By Krystal Hu, Kenrick Cai and Echo Wang
(Reuters) – Software company Databricks is nearing a deal that could become one of the largest venture capital financing rounds in history as investors have shown strong interest in owning a piece of the fast-growing data analytics company, three sources said on Friday.
The round, which is nearly twice oversubscribed, could exceed $9.5 billion when it closes next week, exceeding the company’s initial target and higher than what was previously discussed, the sources told Reuters, citing warned that the final number could still rise.
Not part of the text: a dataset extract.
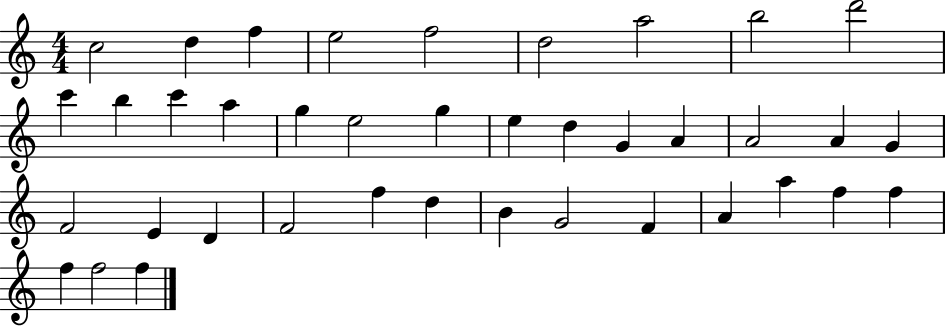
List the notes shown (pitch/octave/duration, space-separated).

C5/h D5/q F5/q E5/h F5/h D5/h A5/h B5/h D6/h C6/q B5/q C6/q A5/q G5/q E5/h G5/q E5/q D5/q G4/q A4/q A4/h A4/q G4/q F4/h E4/q D4/q F4/h F5/q D5/q B4/q G4/h F4/q A4/q A5/q F5/q F5/q F5/q F5/h F5/q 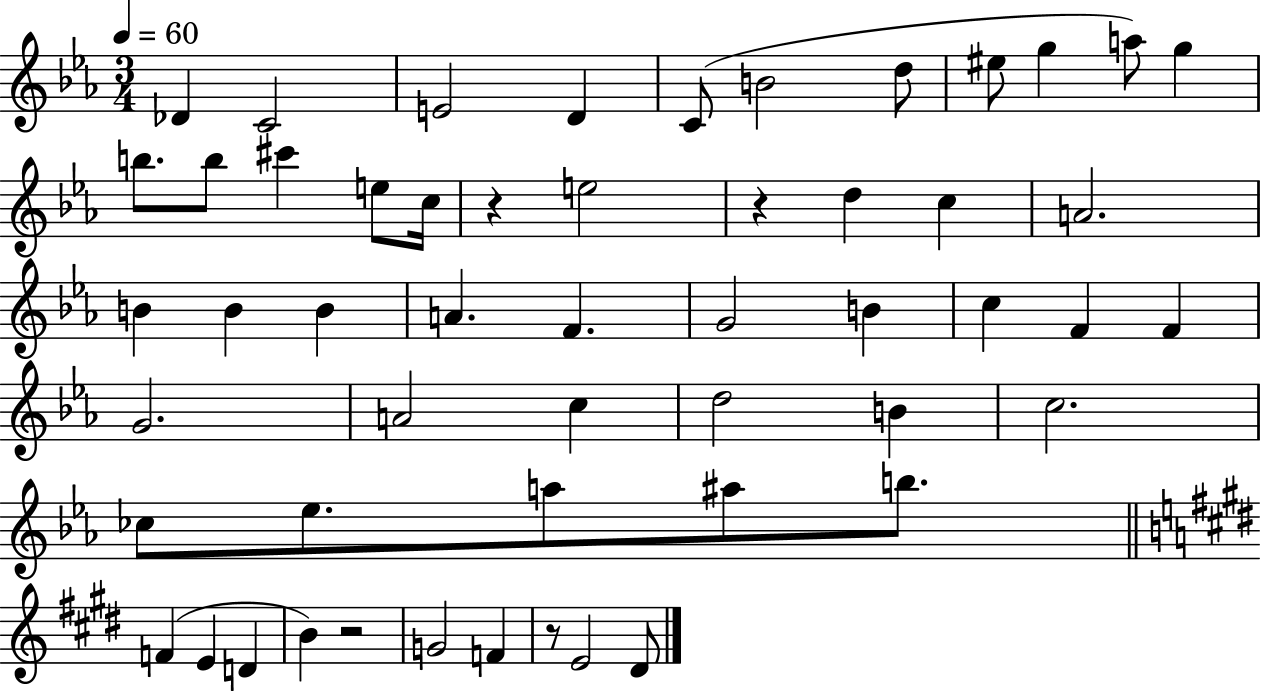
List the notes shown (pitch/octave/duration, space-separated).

The San Francisco-based company, which helps companies process and analyze their data, is expected to fetch a valuation of more than $60 billion at a price of $92.50 per share. That price is considered a bargain in the eyes of some investors, given that the company’s expected revenue for the next fiscal year is $3.8 billion, said the sources, who requested anonymity to discuss private matters.
Thrive Capital and returning investors Andreessen Horowitz, Insight Partners and Singaporean sovereign wealth fund GIC are expected to lead this mega round, one of the sources said.
In conjunction with the capital raise, the company is also in talks to raise $4.5 billion in debt financing, including a $2.5 billion term loan from direct lenders, one of the sources said. Bloomberg first reported on the increase in private debt.
Founded in 2013, Databricks is a data analytics and artificial intelligence company. It provides a cloud-based platform that allows companies to build and manage data and AI applications.
Databricks and Thrive Capital declined to comment. Insight, Andreessen Horowitz and GIC did not immediately respond to a request for comment.
This high-profile round would mark a jump in valuation for the 11-year-old company that has yet to turn a profit. The company was valued at $43 billion in September. The move would also be a big win for early employees, as the company plans to spend the financing on buying back expiring restricted stock units from early employees and covering related tax costs. As part of the deal, the company plans to issue preferred shares to investors participating in the round, the sources said.
Databricks has capitalized on the AI boom by selling more tools that allow customers to build and deploy AI applications using the growing amount of data they already store with the company. It competes with Snowflake, which has a market cap of about $56 billion with expected revenue of $3.4 billion in the fiscal year ending January 2025.
The move to raise excessive funding specifically to address the expiring issue of employee stock options, rather than adding to its balance sheet, mirrors a move by payments company Stripe, which raised $6.5 billion last year at a valuation of 50 billion dollars.
Such mega deals highlight the amount of money available in the venture capital system and the appetite for top names. Investors are doubling down on AI companies and supporting companies to stay private longer, enabling rarely seen round sizes like OpenAI’s $6.5 billion raise at a $165 billion valuation and its $6 billion raise by xAI.
The move signals that Databricks and other top public market contenders are in no rush to go public, despite expectations of a resurgence in venture capital-backed IPOs in 2025.